Reputation: 201
I have 2 lists of points as numpy.ndarray, each row is the coordinate of a point, like:
a = np.array([[1,0,0],[0,1,0],[0,0,1]])
b = np.array([[1,1,0],[0,1,1],[1,0,1]])
Here I want to calculate the euclidean distance between all pairs of points in the 2 lists, for each point p_a in a, I want to calculate the distance between it and every point p_b in b. So the result is
d = np.array([[1,sqrt(3),1],[1,1,sqrt(3)],[sqrt(3),1,1]])
How to use matrix multiplication in numpy to compute the distance matrix?
Upvotes: 7
Views: 15333
Reputation: 651
L2 distance = (a^2 + b^2 - 2ab)^0.5
a = np.random.randn(5, 3)
b = np.random.randn(2, 3)
a2 = np.sum(np.square(a), axis = 1)[..., None]
b2 = np.sum(np.square(b), axis = 1)[None, ...]
ab = -2*np.dot(a, b.T)
dist = np.sqrt(a2 + b2 + ab)
Upvotes: 0
Reputation: 725
If you have 2 each 1-dimensional arrays, x and y, you can convert the arrays into matrices with repeating columns, transpose, and apply the distance formula. This assumes that x and y are coordinated pairs. The result is a symmetrical distance matrix.
x = [1, 2, 3]
y = [4, 5, 6]
xx = np.repeat(x,3,axis = 0).reshape(3,3)
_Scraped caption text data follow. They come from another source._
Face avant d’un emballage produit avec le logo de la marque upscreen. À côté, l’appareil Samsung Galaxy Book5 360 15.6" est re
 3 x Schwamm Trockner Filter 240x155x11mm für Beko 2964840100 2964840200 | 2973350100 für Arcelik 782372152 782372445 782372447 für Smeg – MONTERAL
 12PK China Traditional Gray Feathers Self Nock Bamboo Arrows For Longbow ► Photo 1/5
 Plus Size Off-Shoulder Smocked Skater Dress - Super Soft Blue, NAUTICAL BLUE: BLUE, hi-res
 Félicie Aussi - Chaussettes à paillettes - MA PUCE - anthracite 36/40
yy = np.repeat(y,3,axis = 0).reshape(3,3)
dist = np.sqrt((xx-xx.T)**2 + (yy-yy.T)**2)
dist
Out[135]:
array([[0. , 1.41421356, 2.82842712],
[1.41421356, 0. , 1.41421356],
[2.82842712, 1.41421356, 0. ]])
Upvotes: 0
Reputation: 221504
To compute the squared euclidean distance for each pair of elements off them - x and y, we need to find :
(Xik-Yjk)**2 = Xik**2 + Yjk**2 - 2*Xik*Yjk
and then sum along k to get the distance at coressponding point as dist(Xi,Yj).
Using associativity, it reduces to :
dist(Xi,Yj) = sum_k(Xik**2) + sum_k(Yjk**2) - 2*sum_k(Xik*Yjk)
Bringing in matrix-multiplication for the last part, we would have all the distances, like so -
dist = sum_rows(X^2), sum_rows(Y^2), -2*matrix_multiplication(X, Y.T)
Hence, putting into NumPy terms, we would end up with the euclidean distances for our case with a
and b
as the inputs, like so -
np.sqrt((a**2).sum(1)[:,None] + (b**2).sum(1) - 2*a.dot(b.T))
Leveraging np.einsum
, we could replace the first two summation-reductions with -
np.einsum('ij,ij->i',a,a)[:,None] + np.einsum('ij,ij->i',b,b)
More info could be found on eucl_dist
package's wiki page
(disclaimer: I am its author).
Upvotes: 5
Reputation: 86310
Using direct numpy broadcasting, you can do this:
dist = np.sqrt(((a[:, None] - b[:, :, None]) ** 2).sum(0))
Alternatively, scipy
has a routine that will compute this slightly more efficiently (particularly for large matrices)
from scipy.spatial.distance import cdist
dist = cdist(a, b)
I would avoid solutions that depend on factoring-out matrix products (of the form A^2 + B^2 - 2AB), because they can be numerically unstable due to floating point roundoff errors.
Upvotes: 13